1年生わくわくぶんこ ~「子どもたちの読書活動を応援したい!」書店と小学校が手を取り合う、倉敷市独自の読書教育
読書好きにはたまらない、図書館に配架(はいか)される大量の蔵書。一方で、初めて図書館に行く人のなかには、どこから手を伸ばしたら良いかわからず、戸惑ってしまう人もいるでしょう。
ピカピカのランドセルを背負った小学一年生が初めて利用する図書館は、学校図書館です。学校図書館には、読み物としての絵本や小説だけでなく、調べ学習で使用する図鑑や辞典も数多く取りそろえられています。
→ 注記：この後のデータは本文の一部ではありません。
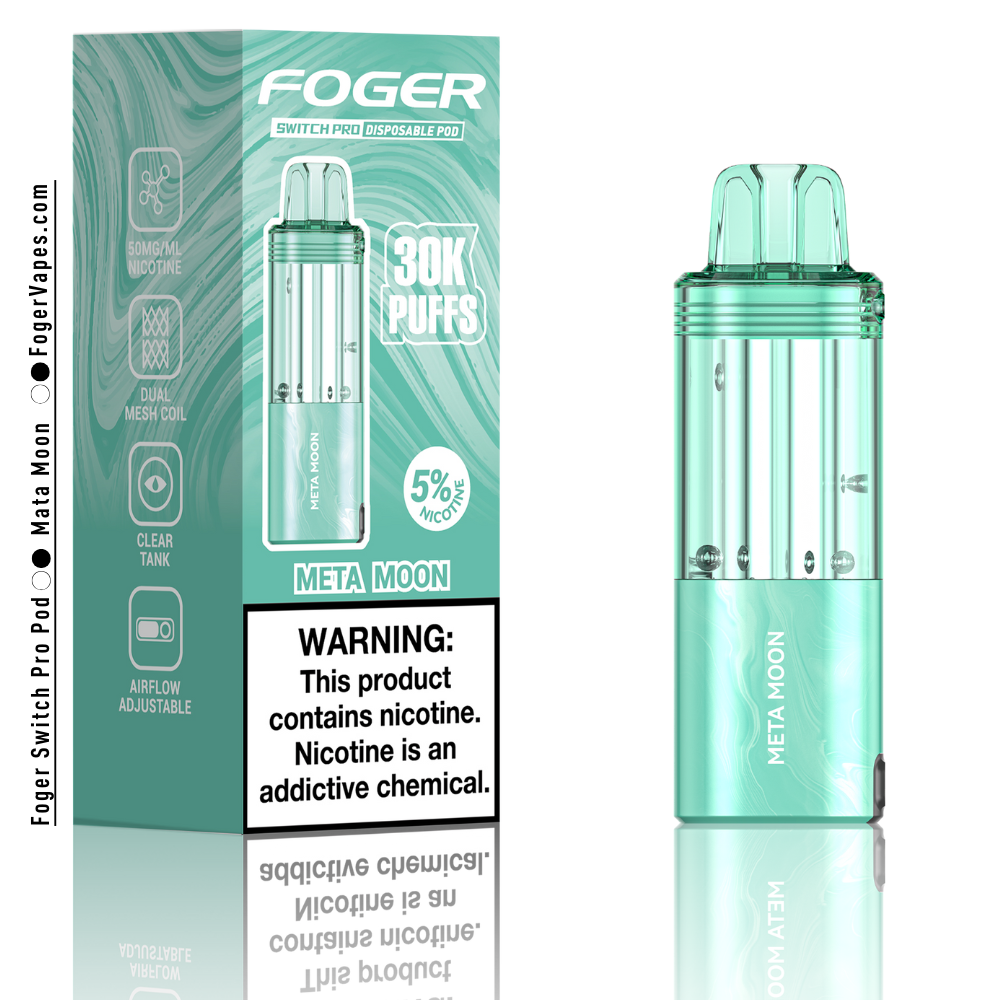 Meta Moon - Foger Switch Pro Pod | 30K Puffs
私も前職の教員時代、児童たちと授業内外で学校図書館を利用していました。子どもたちは数多くの本に気持ちは高まるようでしたが、やはり45分の授業内で自分の読みたい本を探すのは大変な作業でした。
倉敷市では、全学校の学校図書館に「1年生わくわくぶんこ」を用意しています。書店と学校が手を取り合い、小学1年生の読書教育を応援する日本初の取り組みを紹介します。
1年生わくわくぶんことは
1年生わくわくぶんこは、倉敷市内の小学校の学校図書館に設置されている1年生専用の蔵書です。
読書教育がスタートする小学1年生に「まずは気軽に、読みたい本を選びスムーズに貸し出しをすること」を目的に2017年度からスタート。現在は、倉敷市立小学校の全学校図書館に設置されています。
1年生わくわくぶんこの取り組みは、学校だけで進んでいるのではありません。発案者は、倉敷市内の書店有志で活動する倉敷市書店事業協同組合ですが、読書推進活動をする倉敷市との協議の上、市の事業として施行されました。
倉敷市書店事業協同組合傘下の書店は、主に倉敷市立の学校へ教科書の納入と学校図書館へ図書の販売をしています。
書店と倉敷市がともに選書
毎年の選書作業も、倉敷市書店事業協同組合と倉敷市長がともにおこなっており、蔵書は年々増加中です。蔵書は増やすだけでなく、多くの手に渡り古くなった本を必要に応じて新しい本に買い替えることも、検討されています。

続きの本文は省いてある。